La plus importante à mes yeux est la confiance. Le peuple a été divisé, et il vit dans un climat de suspicion, sciemment entretenu. Nous devons absolument réapprendre à nous faire confiance les uns les autres et notamment abolir l’esprit tribal, clanique et régionaliste.
Ce retour de la confiance permettra de faire un pas gigantesque vers la prise de conscience du fait que l’intérêt d’autrui n’est pas nécessairement contraire au nôtre, mais que chacun de nous peut mieux vivre en poursuivant un intérêt commun.
« Le régime est aujourd’hui plus fort que les individus mêmes qui le composent parce qu’il a réussi à imposer des règles, des normes sociales auxquelles chacun obéit quasi machinalement »
Par ailleurs, les valeurs d’honnêteté, de loyauté, de solidarité, de respect, et d’écoute de l’autre sont des éléments clés pour l’émergence d’une confiance généralisée et d’un esprit de coopération qui nous font cruellement défaut. Nous devons ensuite sortir de la logique d’assistanat, et remettre la valeur travail au cœur de notre société. Qui plus est, l’effort et la méritocratie doivent devenir des piliers de notre culture. Il est également capital que nous cessions de nous déresponsabiliser, d’ignorer les devoirs
que nous avons envers nous-mêmes, envers nos compatriotes, envers nos enfants, et envers notre patrie.
Si nous parvenons à amorcer ces changements, alors nous aurons accompli une avancée significative pour transformer nos institutions. Sans entrer dans le détail, la raison principale est que nous aurons réussi à faire émerger une citoyenneté, et à créer les conditions d’une action collective, d’une meilleure coordination des citoyens.

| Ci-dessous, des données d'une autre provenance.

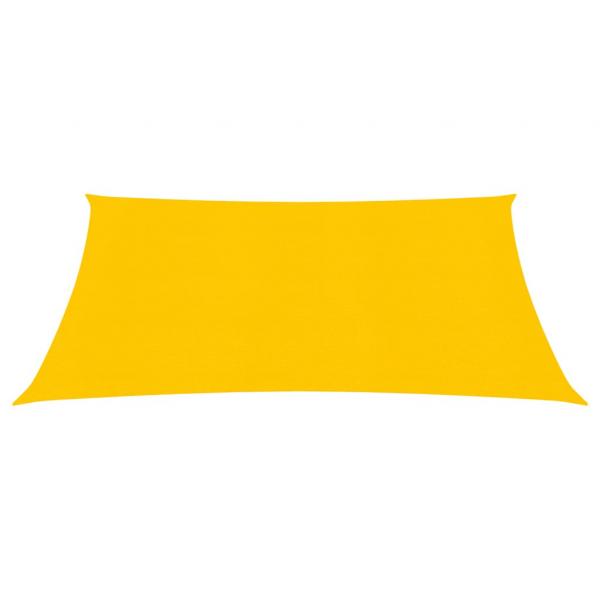 Sonnensegel 160 g/m² Quadratisch Gelb 5x5 m HDPE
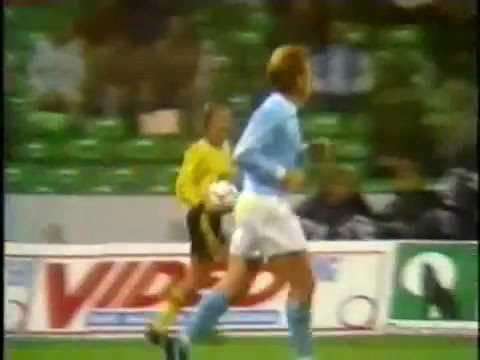 FC Dynamo Dresden - Malmö FF 1-1 Europacupen för mästarlag 1990/91 Första mötet.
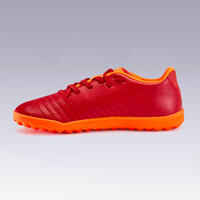 Lace-Up Football Boots Agility 140 HG - Burgundy/Orange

C’est à ces conditions que nous pourrons mettre fin à l’arbitraire des institutions, rebâtir un Etat de droit (et réduire le poids du système des relations personnelles), reconstruire le lien citoyen entre le peuple et l’Etat, et rétablir la confiance envers les institutions. Cela permettra également de restaurer la crédibilité des institutions et donc l’autorité de l’Etat etc.

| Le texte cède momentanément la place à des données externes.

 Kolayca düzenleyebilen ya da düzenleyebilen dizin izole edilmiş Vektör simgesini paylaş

Pour finir, on s’appelle « khouya », « khou », « akhi », mais dans les faits nous n’adoptons pas l’attitude qui sied à un tel qualificatif. Demain, après avoir lu cet article, quand vous vous réveillerez et que vous sortirez dans la rue, prenez le temps de regarder vos voisins, les gens qui passent, et dites vous ceci : ce sont mes compatriotes, nous sommes algériens, nous avons hérité de la même terre, nous vivons la même oppression et nous aspirons à la même chose, vivre plus dignement. Ne nous appelons plus « mon frère » ou « khou » ou « aghma », et comportons nous les uns envers les autres avec plus de confiance, plus de compassion et de compréhension. Apprenons à nous faire confiance. Concentrons-nous sur que ce qui nous rapproche et apprenons à penser « nous », à agir pour notre intérêt commun. Alors, et alors seulement, l’Algérie se transformera de façon radicale et le changement deviendra aisé, moins douloureux.

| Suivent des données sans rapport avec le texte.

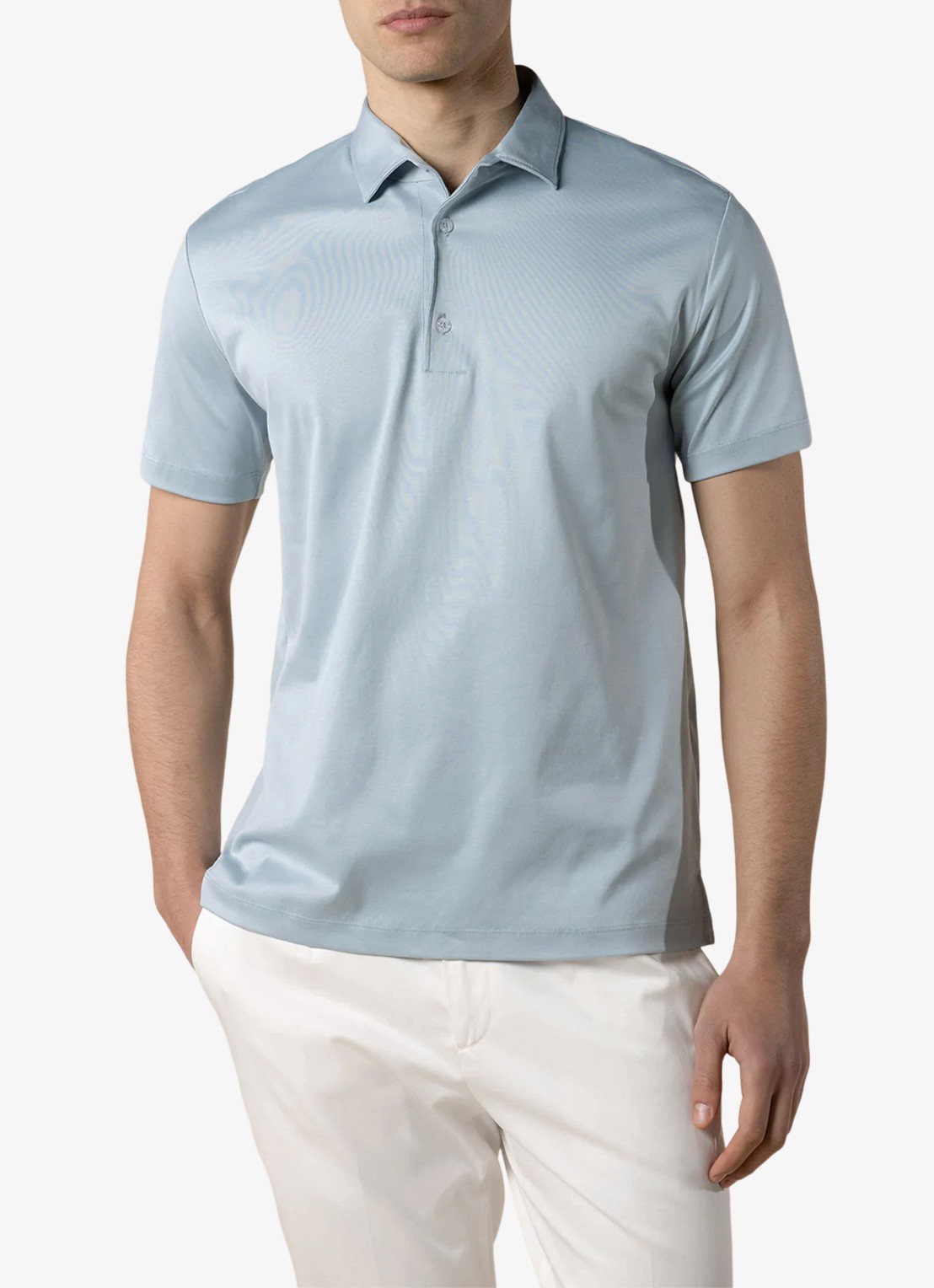 Aurélien Regular fit polo - detail 2 cool blue-453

Je suis persuadé que ce changement là est le bon. C’est d’ailleurs ce qui explique que le changement nous apparaît si difficile à concrétiser, telle une montagne infranchissable. En effet, nous savons, au plus profond de nous-mêmes, qu’il suppose une transformation de nos âmes.
Transformer l’âme d’un peuple peut paraître une sorte de vœux pieux. Pourtant, il y a des actions concrètes à mettre en œuvrer pour initier une dynamique vertueuse d’un changement « positif » et pacifique, et ce sera l’objet de la troisième partie de cette série d’articles.
A suivre
[1] Il n’y a plus aucune idéologie sur laquelle le régime s’appuie. Il se maintient par la force, la ruse et grâce à nos faiblesses.
[2] Bien sûr, ce sera nécessairement graduel.